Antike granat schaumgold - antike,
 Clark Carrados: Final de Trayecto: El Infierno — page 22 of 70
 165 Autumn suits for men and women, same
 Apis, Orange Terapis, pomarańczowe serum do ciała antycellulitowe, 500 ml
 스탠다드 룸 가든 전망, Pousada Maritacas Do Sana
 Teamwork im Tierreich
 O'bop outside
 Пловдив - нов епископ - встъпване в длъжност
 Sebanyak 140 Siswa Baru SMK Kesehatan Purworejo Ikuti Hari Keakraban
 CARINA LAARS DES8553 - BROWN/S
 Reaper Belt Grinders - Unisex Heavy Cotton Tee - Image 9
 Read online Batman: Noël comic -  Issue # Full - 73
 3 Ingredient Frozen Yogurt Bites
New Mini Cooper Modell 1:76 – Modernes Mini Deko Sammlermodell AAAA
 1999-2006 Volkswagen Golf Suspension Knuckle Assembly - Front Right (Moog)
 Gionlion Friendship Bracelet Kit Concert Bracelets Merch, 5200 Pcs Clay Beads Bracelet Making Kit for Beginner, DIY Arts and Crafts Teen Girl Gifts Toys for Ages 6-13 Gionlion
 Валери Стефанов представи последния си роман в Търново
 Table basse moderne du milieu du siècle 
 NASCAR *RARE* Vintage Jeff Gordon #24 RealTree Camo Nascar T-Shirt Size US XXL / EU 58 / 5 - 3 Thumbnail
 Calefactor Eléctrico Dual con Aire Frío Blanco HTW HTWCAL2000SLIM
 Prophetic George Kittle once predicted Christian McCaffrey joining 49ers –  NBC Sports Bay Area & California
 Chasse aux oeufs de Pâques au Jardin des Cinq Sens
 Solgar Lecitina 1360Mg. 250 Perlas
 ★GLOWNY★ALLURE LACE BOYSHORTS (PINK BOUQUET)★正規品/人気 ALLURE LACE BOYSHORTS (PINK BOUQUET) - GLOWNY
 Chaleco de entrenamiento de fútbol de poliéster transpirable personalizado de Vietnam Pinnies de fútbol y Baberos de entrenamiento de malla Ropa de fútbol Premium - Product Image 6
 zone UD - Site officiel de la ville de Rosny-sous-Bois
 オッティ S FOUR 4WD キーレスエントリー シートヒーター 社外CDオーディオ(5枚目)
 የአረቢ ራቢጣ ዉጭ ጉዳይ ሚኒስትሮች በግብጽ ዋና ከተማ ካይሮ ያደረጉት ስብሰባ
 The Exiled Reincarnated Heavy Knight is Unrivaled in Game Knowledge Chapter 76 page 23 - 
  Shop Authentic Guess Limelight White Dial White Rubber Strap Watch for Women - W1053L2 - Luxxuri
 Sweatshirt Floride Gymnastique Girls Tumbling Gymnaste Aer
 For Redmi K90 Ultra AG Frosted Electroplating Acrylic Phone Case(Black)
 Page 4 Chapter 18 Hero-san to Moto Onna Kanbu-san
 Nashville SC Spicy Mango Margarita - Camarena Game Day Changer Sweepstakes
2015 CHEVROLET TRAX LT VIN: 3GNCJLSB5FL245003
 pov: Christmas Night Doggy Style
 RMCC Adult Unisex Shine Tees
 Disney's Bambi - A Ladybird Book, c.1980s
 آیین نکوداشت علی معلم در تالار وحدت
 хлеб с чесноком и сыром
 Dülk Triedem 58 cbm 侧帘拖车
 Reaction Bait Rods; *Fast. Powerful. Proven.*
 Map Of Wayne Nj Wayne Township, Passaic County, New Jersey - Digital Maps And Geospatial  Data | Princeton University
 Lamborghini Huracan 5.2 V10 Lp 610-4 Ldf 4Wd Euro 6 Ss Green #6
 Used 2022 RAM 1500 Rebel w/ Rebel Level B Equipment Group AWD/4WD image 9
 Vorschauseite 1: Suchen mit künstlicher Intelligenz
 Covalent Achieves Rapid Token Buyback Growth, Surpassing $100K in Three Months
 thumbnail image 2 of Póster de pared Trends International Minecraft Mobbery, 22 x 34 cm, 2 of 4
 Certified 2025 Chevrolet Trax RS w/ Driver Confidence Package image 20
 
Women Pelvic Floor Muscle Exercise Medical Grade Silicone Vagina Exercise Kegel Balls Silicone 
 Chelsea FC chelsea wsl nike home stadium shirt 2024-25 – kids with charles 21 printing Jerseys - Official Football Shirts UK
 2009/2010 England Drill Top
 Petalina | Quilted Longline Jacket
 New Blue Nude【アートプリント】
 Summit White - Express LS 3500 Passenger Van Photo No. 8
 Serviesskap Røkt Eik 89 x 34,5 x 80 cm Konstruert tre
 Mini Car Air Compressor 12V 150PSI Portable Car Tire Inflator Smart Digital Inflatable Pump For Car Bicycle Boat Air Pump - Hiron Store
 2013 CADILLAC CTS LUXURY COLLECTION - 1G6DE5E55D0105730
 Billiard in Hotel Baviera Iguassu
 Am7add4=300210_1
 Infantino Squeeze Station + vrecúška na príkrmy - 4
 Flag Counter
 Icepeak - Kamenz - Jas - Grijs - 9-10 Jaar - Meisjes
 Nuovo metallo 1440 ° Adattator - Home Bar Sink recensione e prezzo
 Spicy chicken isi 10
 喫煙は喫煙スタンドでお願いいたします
━━━━━━
» **Exercise requirements**
Going through the entries above, report how many lines contain the word "Mini", with no other text.

» **Solution**
2